Mediocre Infamous Not Worth Following
Joshua Caldwell’s wannabe 21st century Bonnie and Clyde romantic crime thriller Infamous is a blandly mediocre motion picture whose many shortcomings are augmented considerably courtesy of current events. It’s hard to imagine a film being released at as wrong a moment as this. This is a tone-deaf morality play that often unintentionally feels like someone sat down and thought to themselves that they should remake Melina Matsoukas’ masterful Queen & Slim only with far less interesting and considerably more loathsome characters. Just to make things even more reprehensible? They make the leads Caucasian.
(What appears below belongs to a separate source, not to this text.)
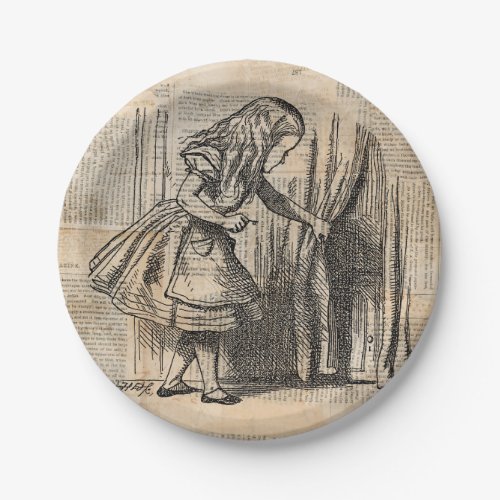 Alice in Wonderland Alice Pulls Curtain Art Paper Plates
I get that this was likely not Caldwell’s intent. I understand that the movies were made at roughly the same time so most of the similarities are likely more coincidental than they are anything else. But it’s still hard to look at Infamous and not wonder if, with all that is happening in the world, with protestors flooding the streets demanding equality, police reform and social justice, when individuals around the globe are proudly stating that “Black Lives Matter,” anyone anywhere is going to be interested in giving this a look.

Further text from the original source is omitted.